-- What you have to do --
The records are to be copied from the line that contains "Chwytak do blach Wariant podstawowy | Hendi" through their last line, word for word, with every picture left out.

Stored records
* * * *

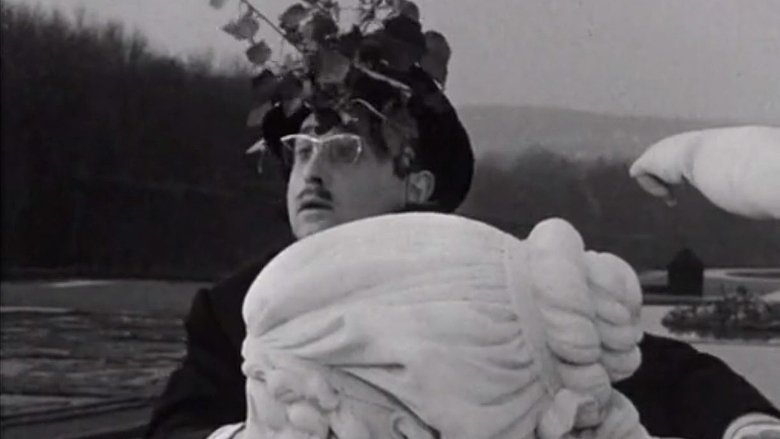 Les Sept de l'escalier 15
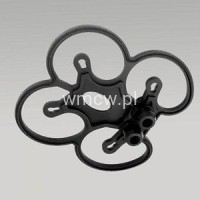 Uszczelka IQ (70252479010)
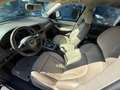 Audi Q5 3.0 V6 TDI 240CH FAP S LINE QUATTRO S TRONIC 7 Grau - thumbnail 8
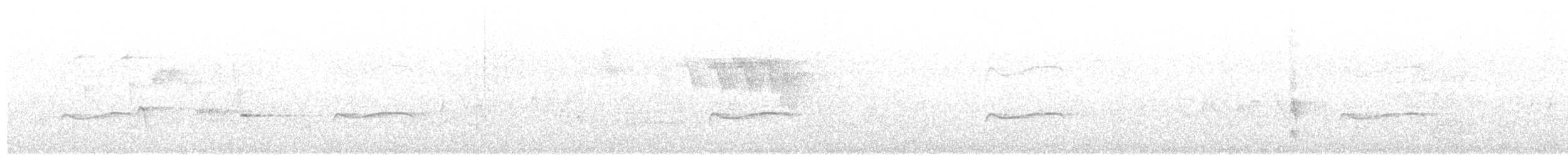 Eastern Wood-Pewee - ML641194507
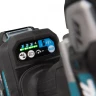 Аккумуляторный ударный гайковерт  XGT Makita TW007GD201 купить в Нефтеюганске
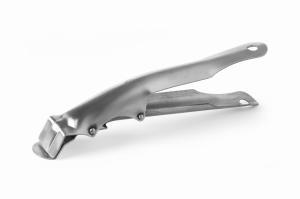 Chwytak do blach Wariant podstawowy | Hendi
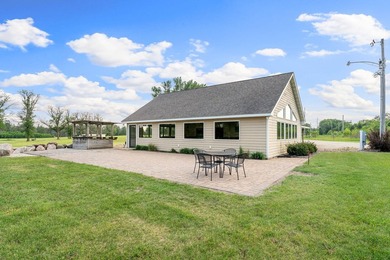 This expansive 30+ acre property offers a versatile canvas for - photo 6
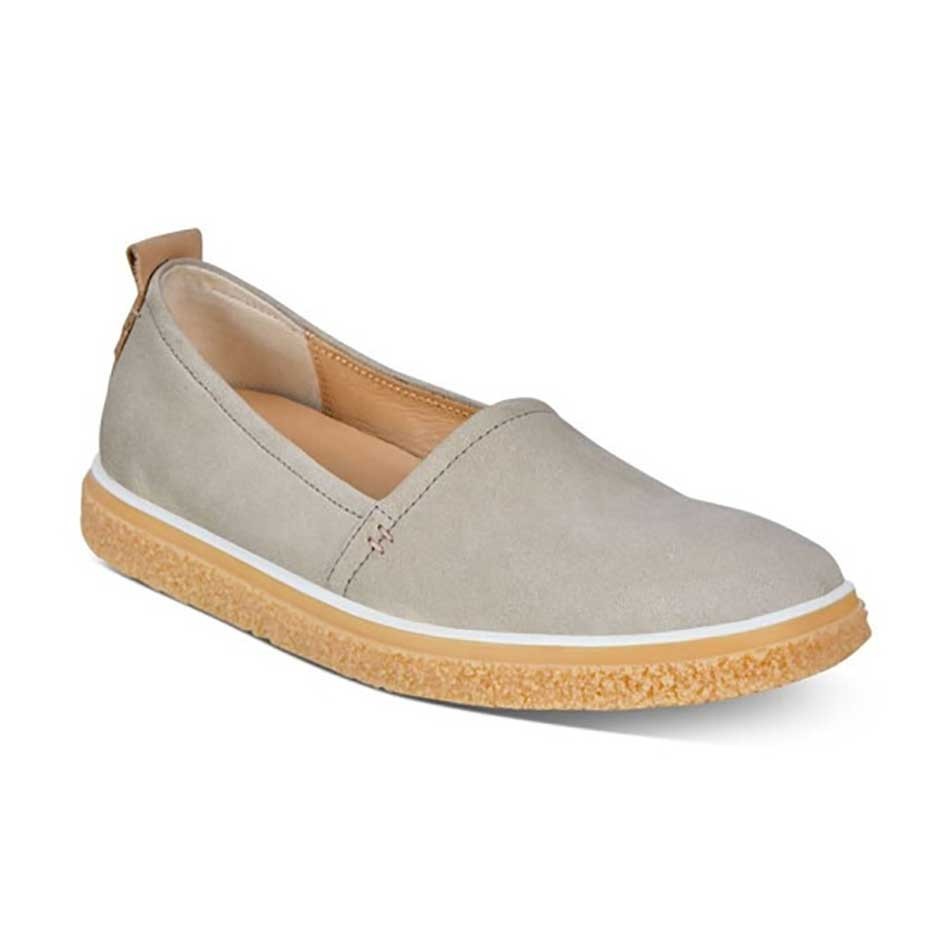 کفش زنانه اکو مدل ECCO CREPETRAY W کد 200303-02023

* * * *

-- Result of the exercise --
 Chwytak do blach Wariant podstawowy | Hendi
 This expansive 30+ acre property offers a versatile canvas for - photo 6
 کفش زنانه اکو مدل ECCO CREPETRAY W کد 200303-02023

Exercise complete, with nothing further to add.